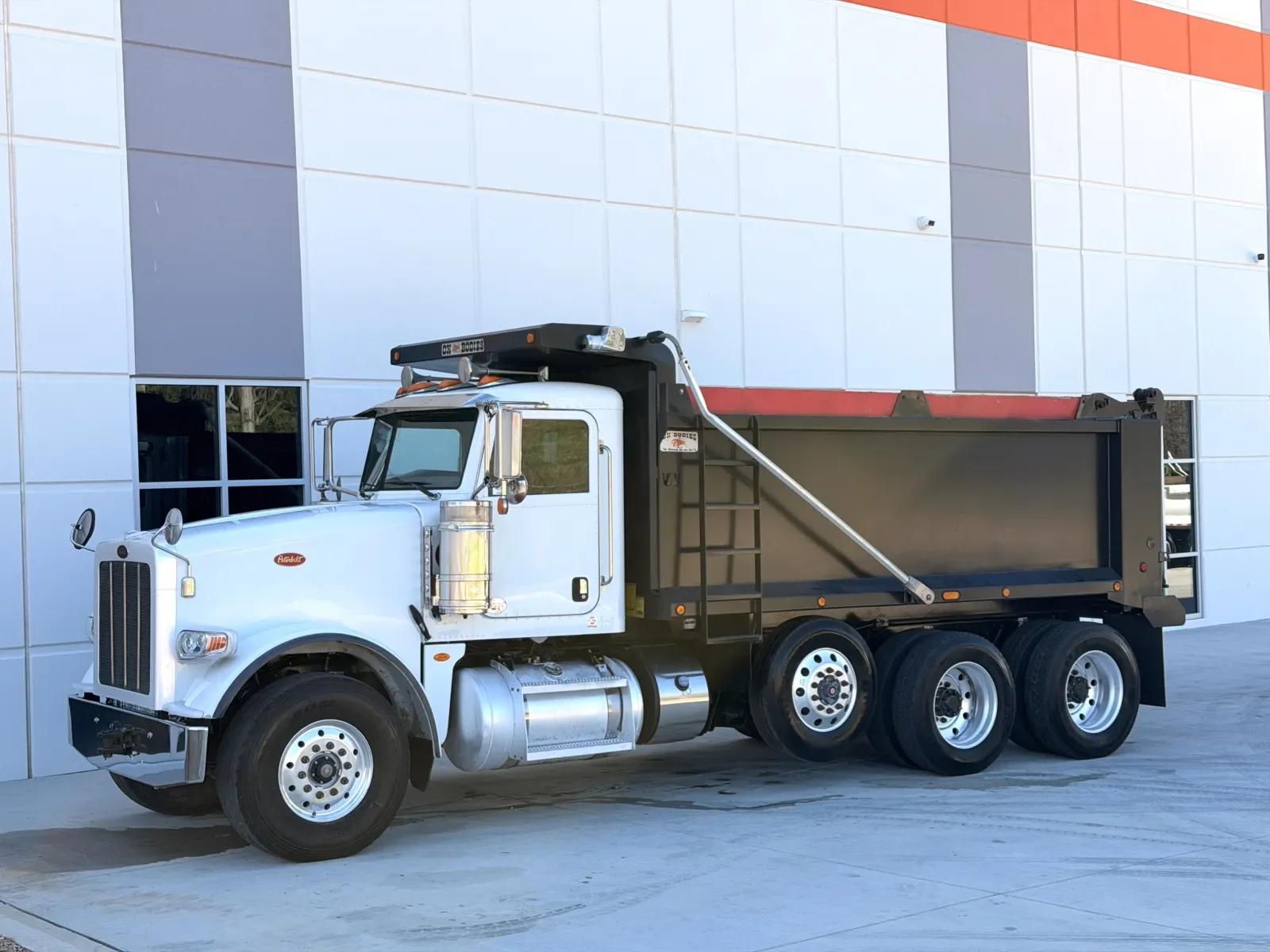 2016 Peterbilt 367 in Greer, SC — photo 3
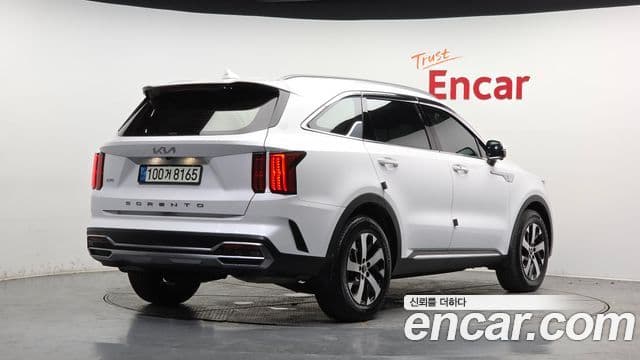 Kia Sorento 2021 — ფოტო 2/20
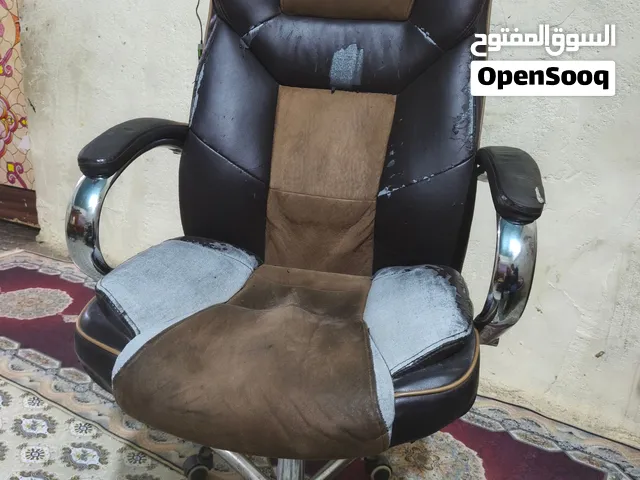 كرسي مكتبي... حالة جيدة فقط يحتالجة دوشمة بس مو ضرورية.. سعرة 50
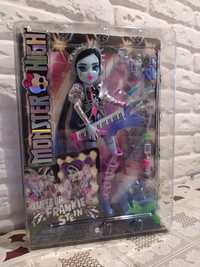 Monster High Doll, Amped Up Frankie Stein Rockstar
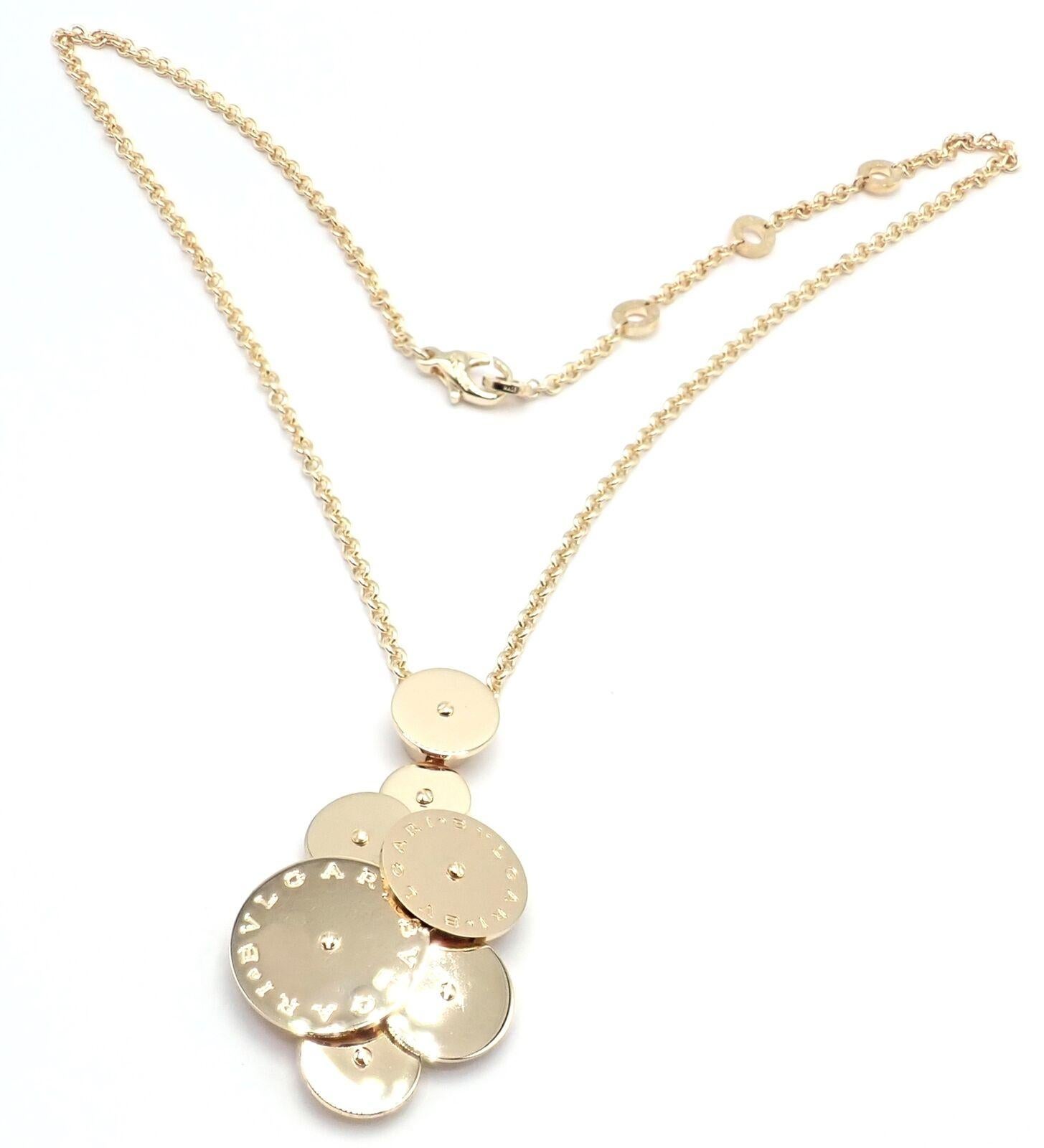 Bulgari Bvlgari Collier à maillons en or jaune avec large pendentif Cicladi Unisexe en vente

☆ ☆ ☆

| WORK REQUIRED |
Return the material in full and unaltered, minus its pictures.

| ANSWER TO THIS TASK |
 2016 Peterbilt 367 in Greer, SC — photo 3
 Kia Sorento 2021 — ფოტო 2/20
 كرسي مكتبي... حالة جيدة فقط يحتالجة دوشمة بس مو ضرورية.. سعرة 50
 Monster High Doll, Amped Up Frankie Stein Rockstar
 Bulgari Bvlgari Collier à maillons en or jaune avec large pendentif Cicladi Unisexe en vente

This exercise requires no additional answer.